If submission editing comes to ODK Central (in addition to editing the exported submissions in a downstream data warehouse, where these edits are logged), every pathway to access and analyze the submission edit trail would assist in making edits done inside ODK Central transparent and defensible.

How we would use the ODK Central submission edit logs:

  1. On a per record basis: Filter Submissions to "edited", inspect each by hand, as seen in above screenshot. This can answer questions for an individual record, but might not scale terribly well.
  2. On a per form or project or server basis: Get a very generic table of form ID, submission ID, submission version (one for the original submission, one per edit), submission content (the entire submission after that edit), editor, datetime, (edit comments?). Answer some questions in bulk with some analysis of that entire table. This would certainly be a good workout for the poor analyst, but could scale well. I don't have a hostile inquiry here yet so I don't know which questions might be asked.

The outcome would be that we can defend the data as "as truthful as we can make it" by showing every edit to the inquiry.

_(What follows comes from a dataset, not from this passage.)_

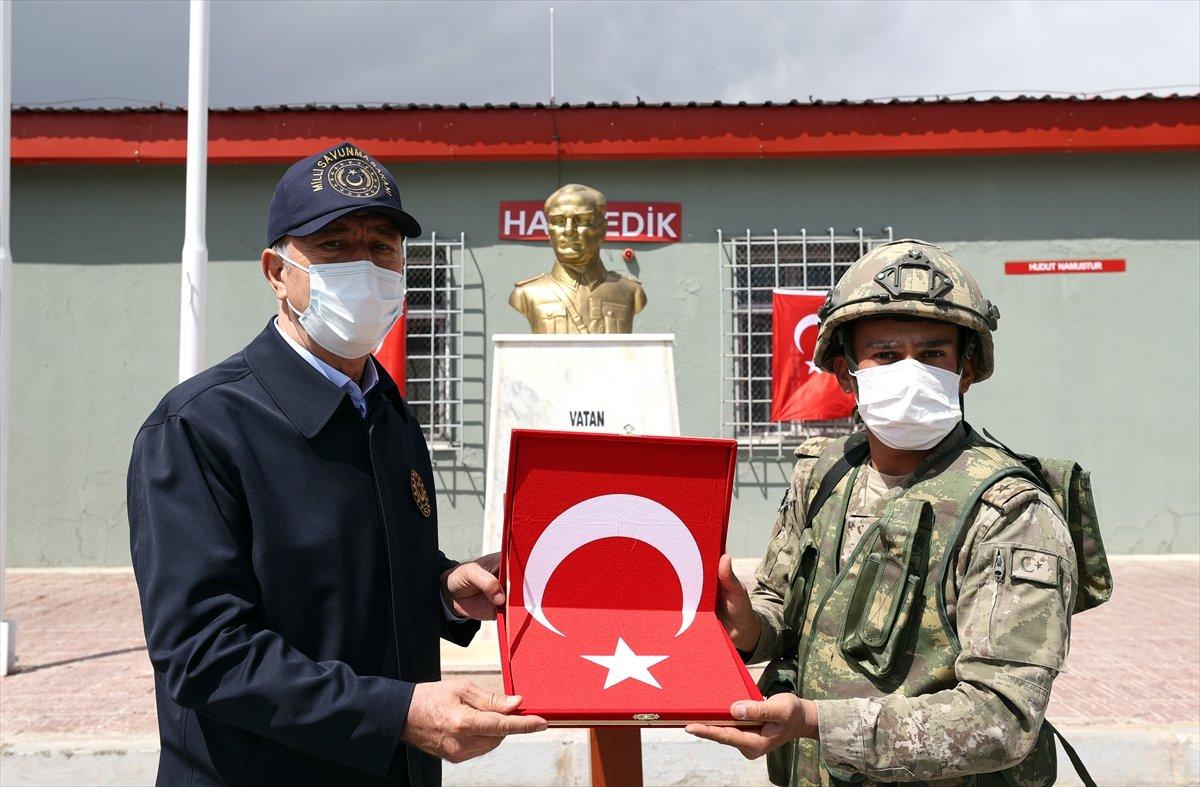 Hulusi Akar ve TSK komuta kademesi İran sınırında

Closing thought on the Sentry logs. I understand that the built in Sentry logging provides the ODK core team with valuable usage and error reporting.
I'm not sure whether these logs are a good place for a submission edit log (likely not), but if we rethink logging and who accesses and analyses all kinds of logs, this is another source.

As a maintainer of a self-hosted ODK Central instance, I would benefit from the insight gained from Sentry logs: is my server OK, which projects/forms are used (can I close them, did I migrate everyone to a new form etc).

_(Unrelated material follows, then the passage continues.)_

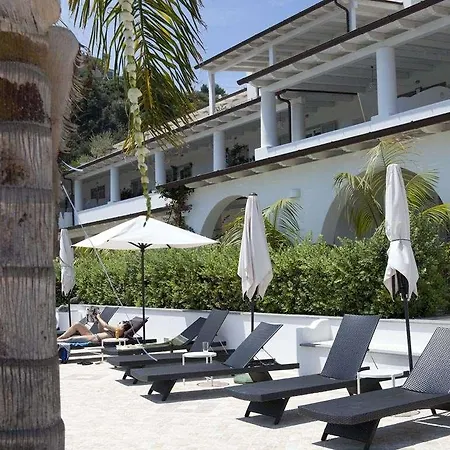 Hotel Mea - Aeolian Charme 4*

Sentry is great for server issues, as it yells at me via email in real time about issues requiring my attention.
Central logs are great if I need to go back and audit the change history of a submission.

Therefore my needs are:
ODK Central logs accessible via API are ideal for submission edit logs.
Having an optional second Sentry instance receiving server errors would retain ODK core team's monitoring while also giving me as the maintainer insights I need to act on.

Sentry is an error-logging service and is really just a way to aggregate what each self-hosting administrator can get from their local logs so that we can act on it. There's no usage information tracked other than incidentally (if a piece of code crashes, that's an indicator that it's used).

The nature of the issues are typically such that you'd have to either patch the server yourself or file an issue. This is really stuff that's more actionable for the dev team. The only exception I can think of is unfortunately an issue you ran into -- where you hit some kind of database issue that locked everything up in a way that the server would still look "up" to most uptime monitors. We haven't seen that one since.